*TASK*: The expected copy holds every entry exactly and none of the pictures.

(Crawled caption data)
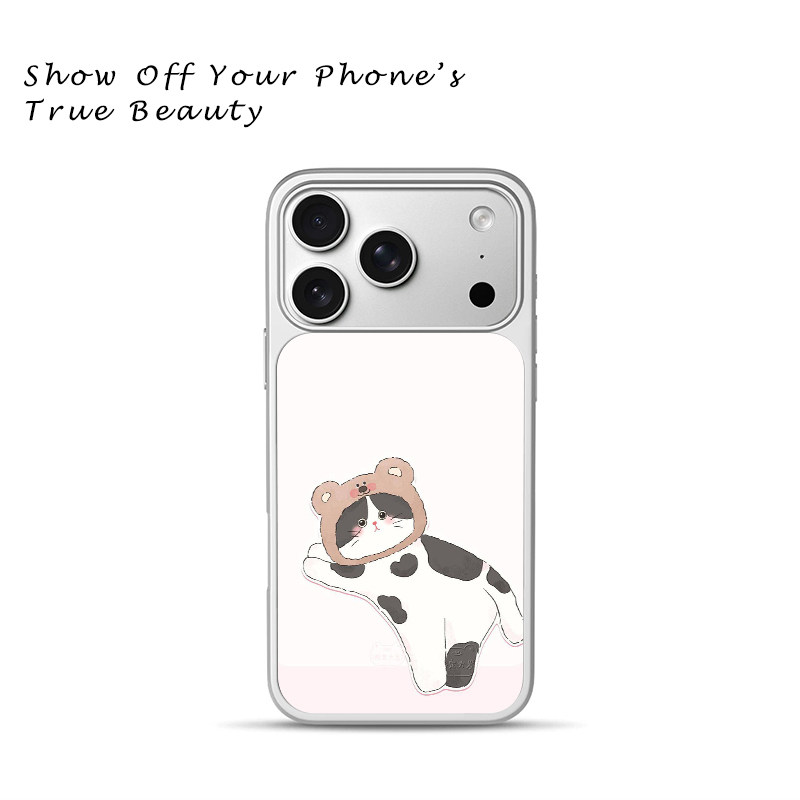 可爱小熊手绘软萌粉头套奶牛猫咪适用苹果17promax新款手机壳iPhone air/16pro/15plus14玻璃13pro手机套冰感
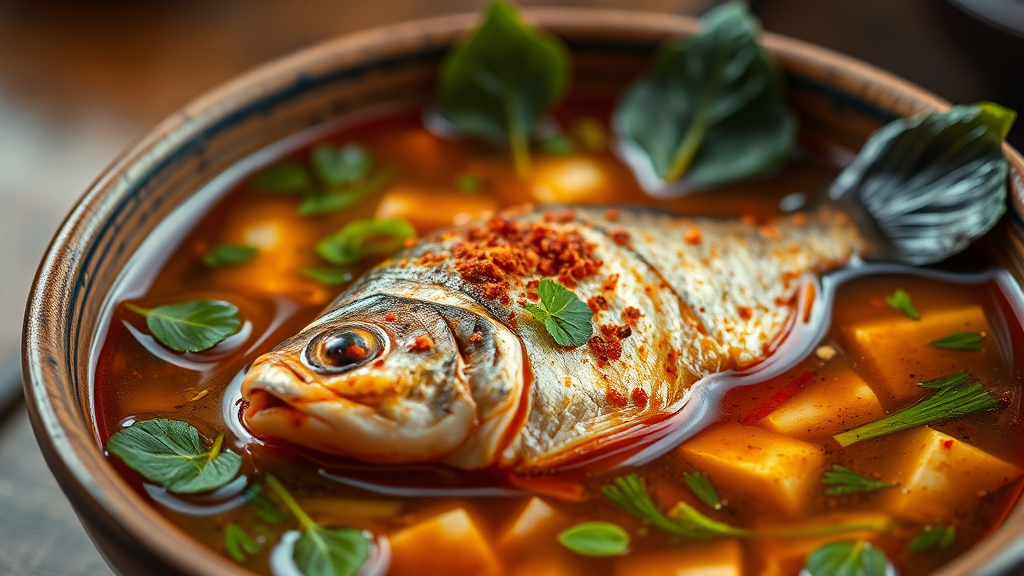 대표 메뉴: 어죽과 도리뱅뱅이 (realistic 스타일)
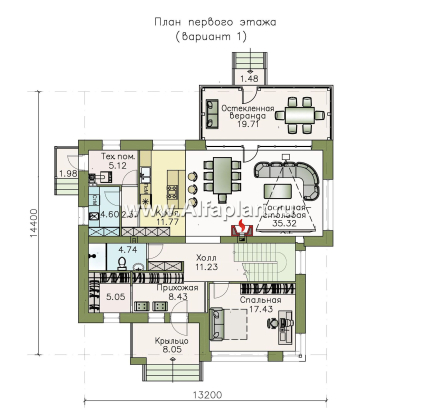 Проекты домов Альфаплан - «Прайд» - проект современного двухэтажного дома, мастер спальня, с террасой и сауной - превью плана проекта №1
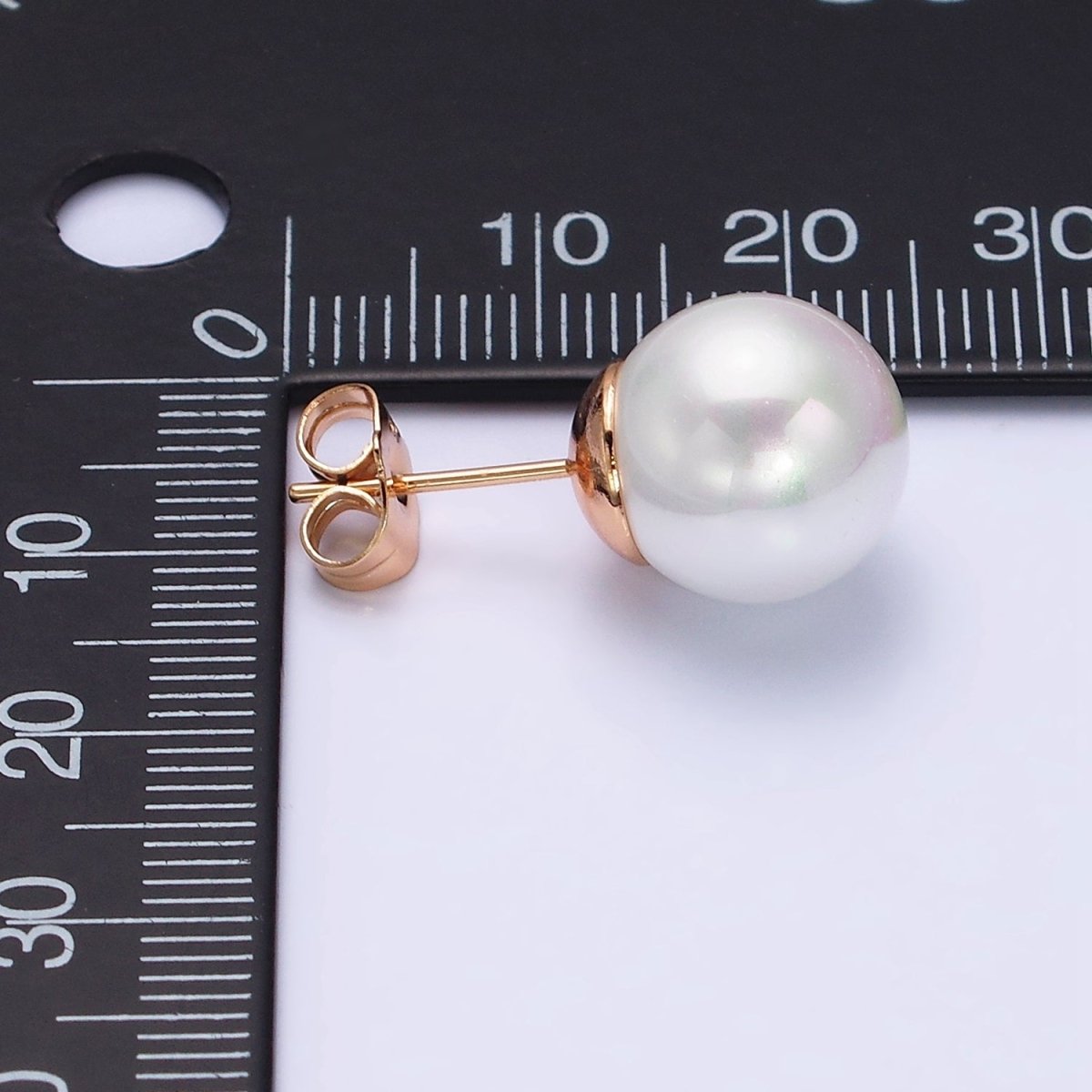 18K Gold Filled White Round Pearl 12mm Stud Earrings | AD1423 - DLUXCA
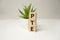 PTE - acronym from wooden blocks with letters, Pearson Tests of English PTE concept Foreign Language exams.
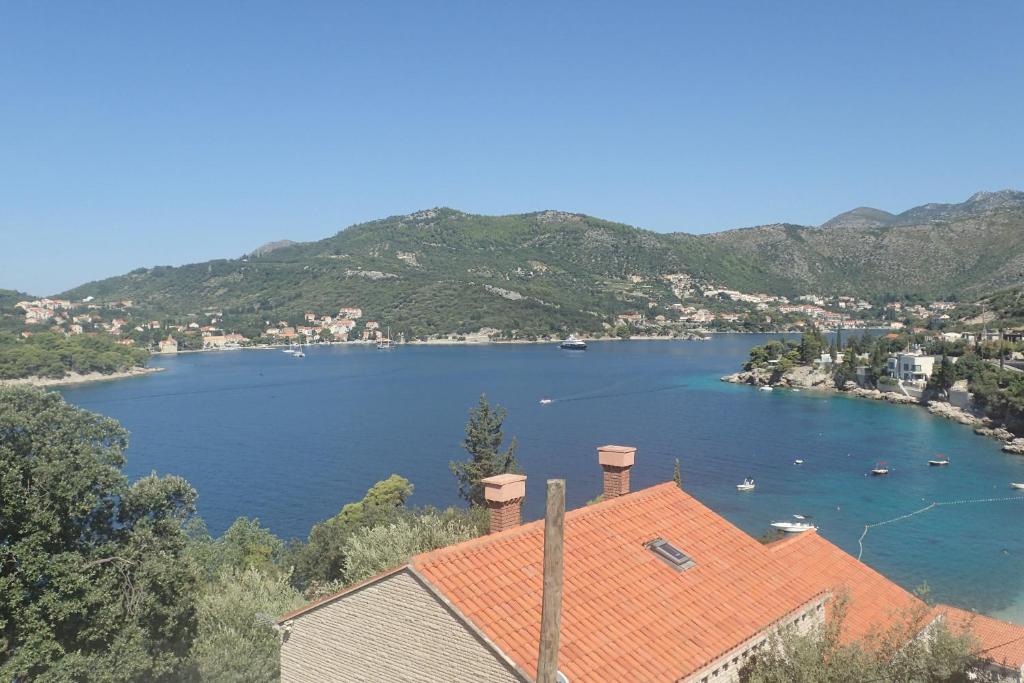 a view of a large body of water with houses at Villa AMICA in Zaton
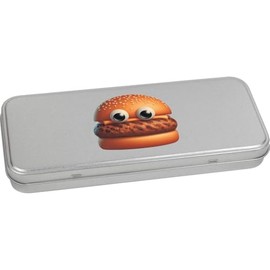 Azeeda 'Funny Burger Face' Metal Hinged Stationery Tin/Storage Box (TT00293770)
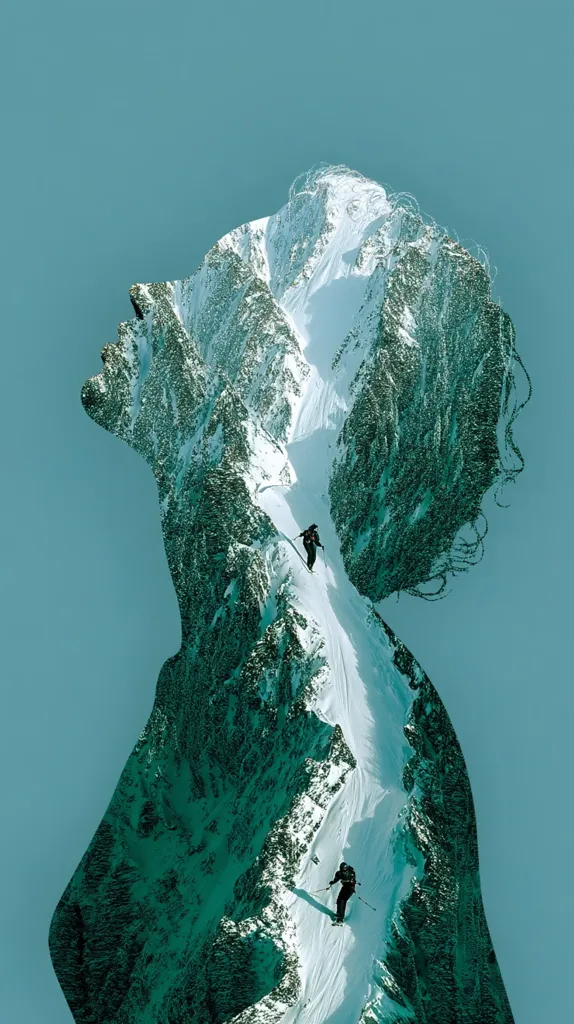 A stunning double exposure image blends the profile of a woman's face with a snow-capped mountain range.  Two skiers are visible descending a steep, snowy slope carved into the mountain's side, which forms the woman's hair and facial features. The teal color palette creates a serene and ethereal atmosphere, emphasizing the unity of nature and humanity.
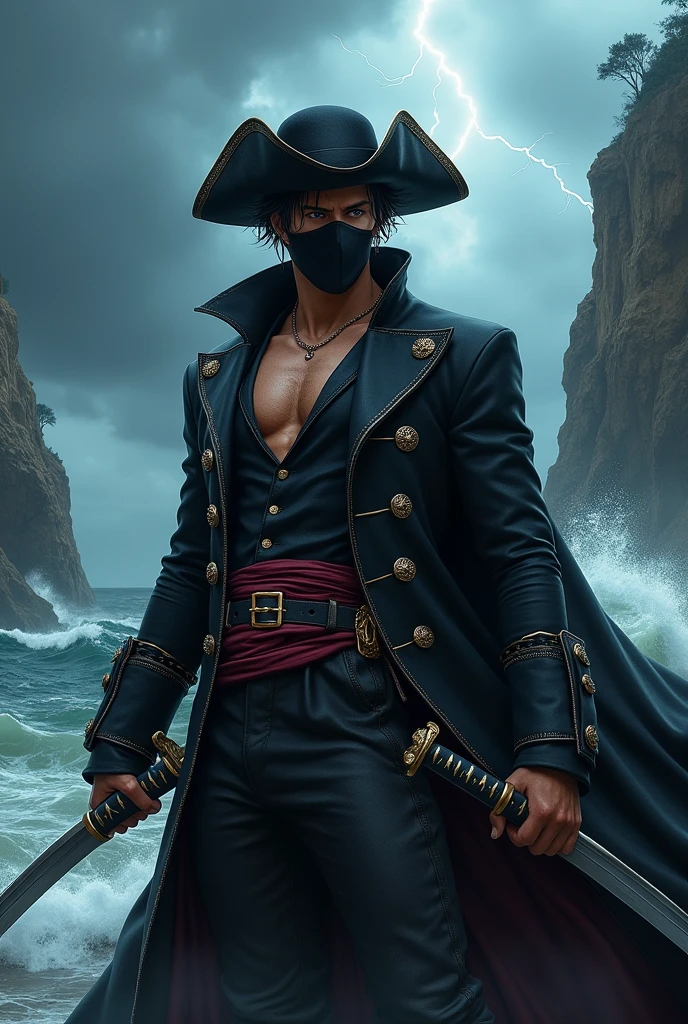 a male pirate from One Piece with short hair, 2 Katanas, a black hat, a black mask covering the mouth and a black overcoat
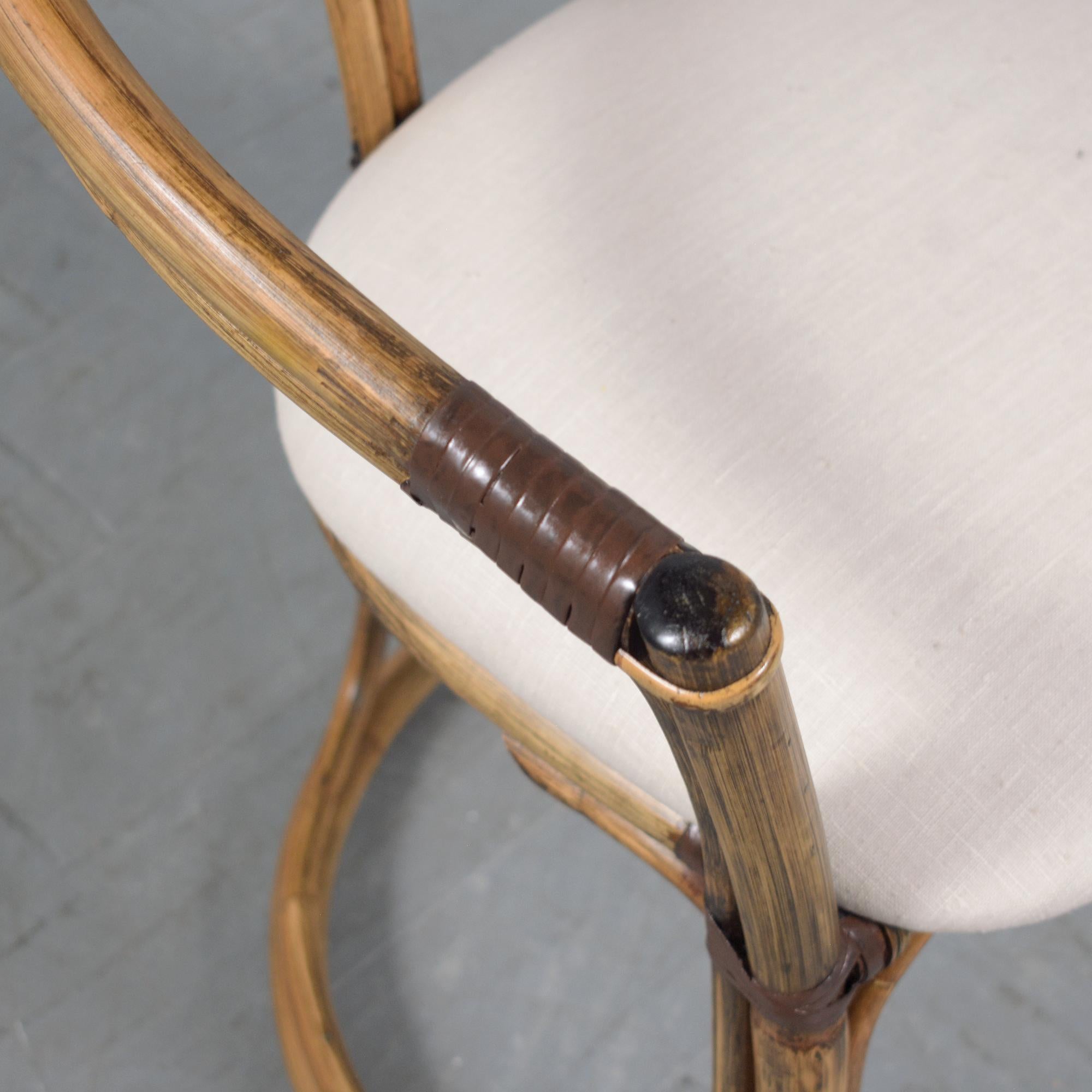 Set of Four Restored Vintage Bamboo Barrel Chairs with Ivory Upholstery For Sale 3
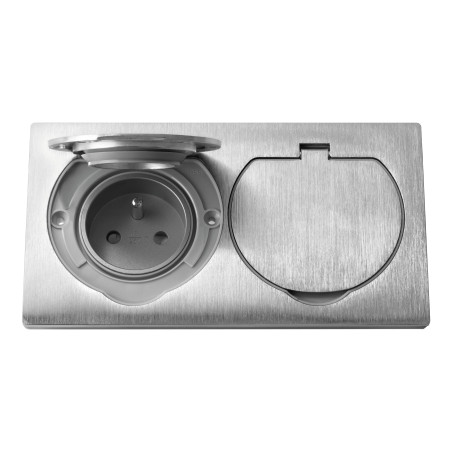 Tätt dubbel eluttag, IP55 rostfritt stål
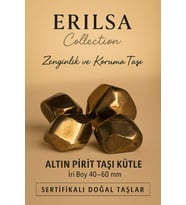 Sertifikalı İri Boy Altın Pirit Taşı Kütle 40–60 mm – Zenginlik Bereket ve Koruma Taşı (Çok Renkli)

*FINISHED TASK*:
 可爱小熊手绘软萌粉头套奶牛猫咪适用苹果17promax新款手机壳iPhone air/16pro/15plus14玻璃13pro手机套冰感
 대표 메뉴: 어죽과 도리뱅뱅이 (realistic 스타일)
 Проекты домов Альфаплан - «Прайд» - проект современного двухэтажного дома, мастер спальня, с террасой и сауной - превью плана проекта №1
 18K Gold Filled White Round Pearl 12mm Stud Earrings | AD1423 - DLUXCA
 PTE - acronym from wooden blocks with letters, Pearson Tests of English PTE concept Foreign Language exams.
 a view of a large body of water with houses at Villa AMICA in Zaton
 Azeeda 'Funny Burger Face' Metal Hinged Stationery Tin/Storage Box (TT00293770)
 A stunning double exposure image blends the profile of a woman's face with a snow-capped mountain range.  Two skiers are visible descending a steep, snowy slope carved into the mountain's side, which forms the woman's hair and facial features. The teal color palette creates a serene and ethereal atmosphere, emphasizing the unity of nature and humanity.
 a male pirate from One Piece with short hair, 2 Katanas, a black hat, a black mask covering the mouth and a black overcoat
 Set of Four Restored Vintage Bamboo Barrel Chairs with Ivory Upholstery For Sale 3
 Tätt dubbel eluttag, IP55 rostfritt stål
 Sertifikalı İri Boy Altın Pirit Taşı Kütle 40–60 mm – Zenginlik Bereket ve Koruma Taşı (Çok Renkli)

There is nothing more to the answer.